To qualify for loan forgiveness, in which the loan essentially becomes a grant, a business will have to maintain full employment for the next eight weeks, Barrett said. Only 25 percent of the total can fund payments on existing loans, lease or utilities costs and other non-payroll expenses.
“It’s really meant for payroll and to keep employees employed rather than have them go to unemployment,” Barrett said.
“The devil’s in the details and that’s why I think it’s very important that everyone reads the guidance and understands that the government and the guidance we’ve gotten is it’s really based on what the borrower attests to, so the borrower really has to understand the dynamics of the program and what the requirements are for them to have the money, the loan forgiven.”
That’s one reason communication and relationships with bankers, accountants and in Himelwright’s case, professional trade organizations are so important.
“The Tennessee Dental Association (TDA) has been keeping me posted on legislative developments and lending opportunities and things of that sort,” Himelwright said.
One of his challenges centers around the uncertainty of when non-emergency dentistry will be allowed to resume. “If they come off unemployment too soon there could be a scenario where the money from the PPP eventually runs out,” Himelwright. “Hopefully we’re not looking at that kind of a time span, but if we started paying them from the PPP funds as soon as they are disbursed there is some possibility we could run out of those funds and have to put them back on unemployment.

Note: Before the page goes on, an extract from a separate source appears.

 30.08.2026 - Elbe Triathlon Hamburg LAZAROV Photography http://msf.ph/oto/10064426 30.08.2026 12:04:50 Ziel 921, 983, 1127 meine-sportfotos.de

“That’s something I’m watching pretty much on a daily basis to be mindful of what’s going to serve the employees best and not have us have to switch horses in midstream so to speak.”

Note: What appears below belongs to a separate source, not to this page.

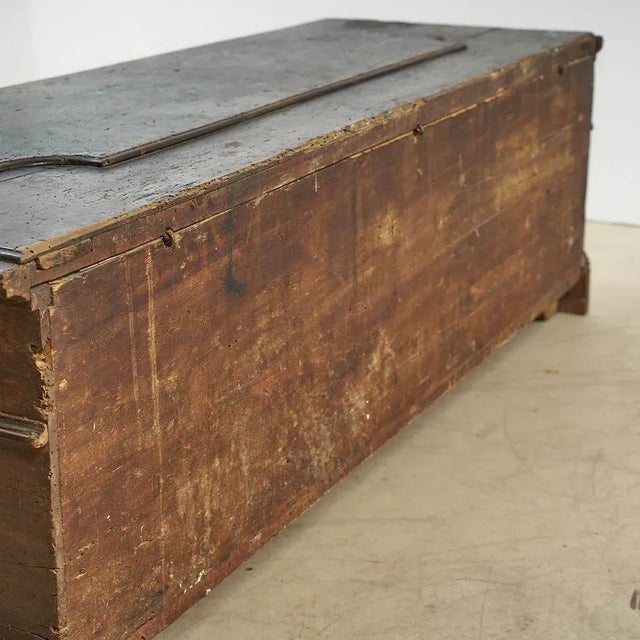 Wood Trunk in Walnut, 1700s For Sale - Image 7 of 9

For her part, Bailey is ready to put the funds to use right away.
“(Then) I can make some more decisions on ‘ok, what next,’ and making sure people are on the schedule and making the most of this very strange time for everyone,” Bailey said.
“Before this opportunity I went from about 15 employees a day down to about six, five. Knowing now we can afford to have more people we can continue the culture of what the coffee company is, keep employees working, keep them happy and keep these friendships and this business growing.”
Fleenor’s Harrington said despite the bumps in the road, he’s happy to have a program like the PPP — unimaginable just two months ago — already up, running and on the way toward funding businesses for its intended purpose.
“It gives us comfort, it gives our employees comfort knowing that for the next two months we’re going to keep doing what we’re doing, we’re going to keep paying people and that’s kind of one less thing to worry about.”
“Our application was filed over the weekend along with I’m sure thousands and thousands of other ones and at this point all we know is, we’re in the system, we have a spot, we just don’t know if the money’s going to run out before it gets to us or not.”